Data extract:

○ ○ ○

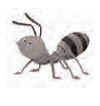 ant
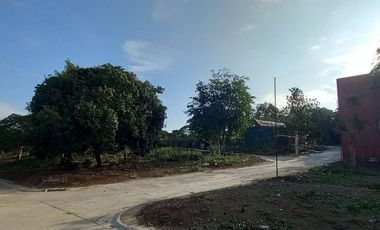Residential Lot For Sale in Bukal Mendez Cavite-MC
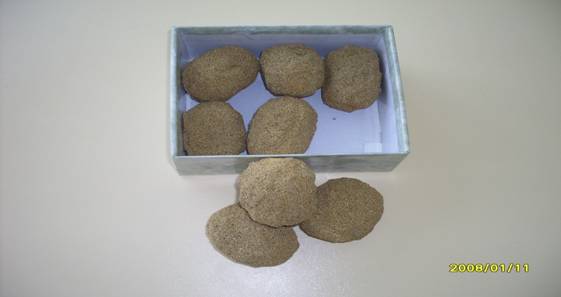 SDC11828.JPG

○ ○ ○

Work required:
Output the data above verbatim, pictures excluded.

Task response:
 ant
Residential Lot For Sale in Bukal Mendez Cavite-MC
 SDC11828.JPG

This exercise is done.